Del GP de Mónaco suele decirse que es “la joya de la corona”. Pues, que quieren que les diga. Es cierto que esta carrera siempre estuvo en el calendario desde que la F1 se puso en marcha. Es verdad que su prestigio es incuestionable, que aquí sólo ganan los más grandes, y que la repercusión que obtiene una victoria en los empinados toboganes de sus calles es incomparable a cualquier otra. Pero el brillo de su oropel esta vez pareció de tosca bisutería, de pedruscos de resina, más que de fina y artesanal orfebrería.

A mi personalmente no me gustó nunca. Odiaba trabajar en un lugar donde todo son pegas, impedimentos, trabas, limitaciones.

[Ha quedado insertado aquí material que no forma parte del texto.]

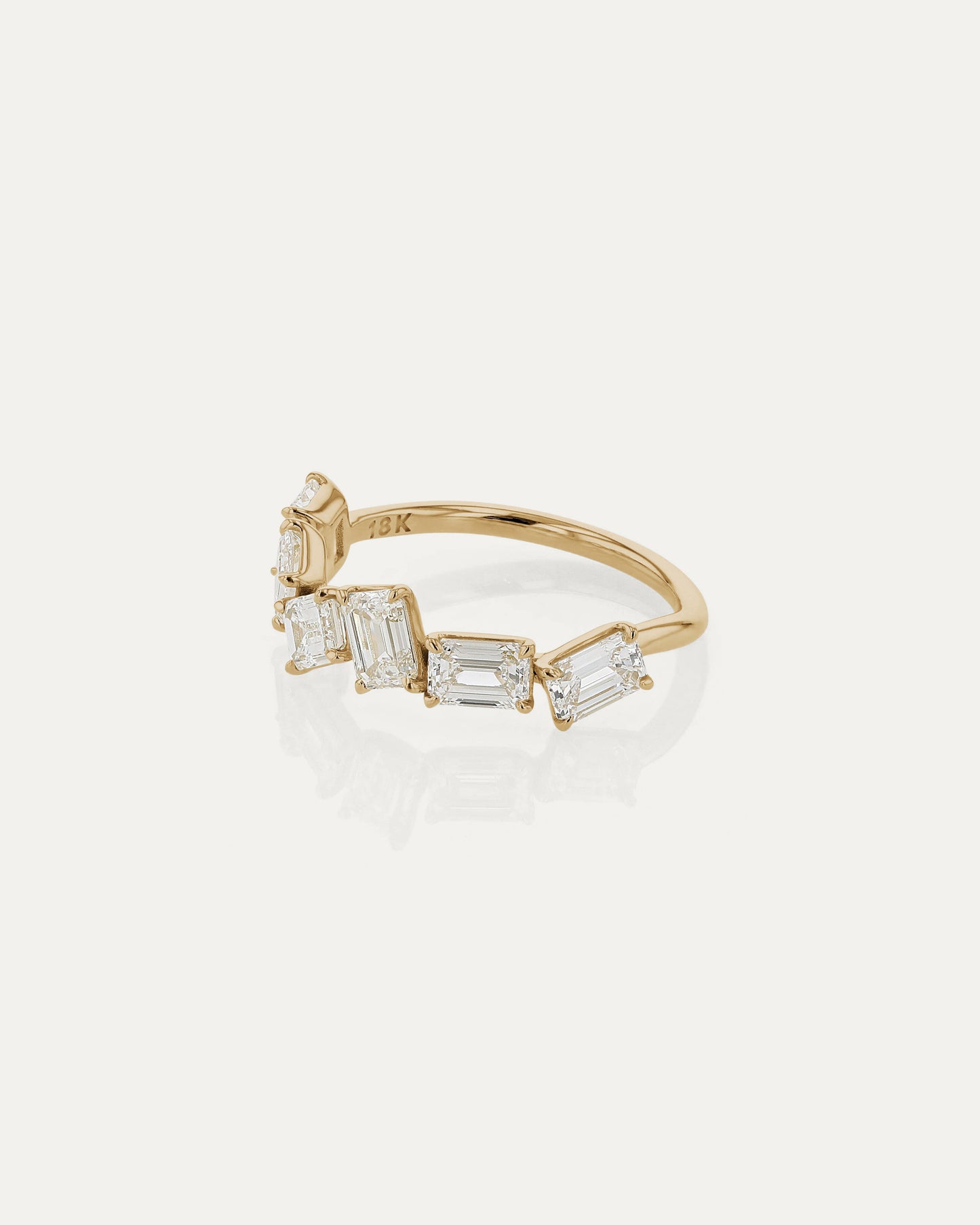 Curved- 0.25 CT Marquise Lab Grown Diamond Wedding Band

Algunas muy absurdas, y no me refiero a los condicionantes que la orografía del lugar impone, que ya comprendo, sino por la “tontería” inherente al glamour de la cita, con sus estomagantes invitados, una parrilla rebosante de fantasmas y evasores de impuestos, y una pléyade de pavos reales que sólo van para lucir su plumaje y que se ofenden cuando les aproximas tu micrófono y tu cámara para que sus admiradores lo puedan apreciar de cerca. Que les den.

Prefiero el GP de monoplazas clásicos, sin tanto aborregamiento, y que suelen hacer en el mismo escenario, u otras competiciones que también utilizan ese enroscado caracol debajo de cuya cáscara hay poca sustancia.

En Mónaco vimos en el pasado grandes carreras, enormes gestas, brutales exhibiciones de talento con un volante y una palanca de cambios -he escrito palanca, sí; no botones ni levas- en las manos de los mejores. Pero de eso ya hace demasiado.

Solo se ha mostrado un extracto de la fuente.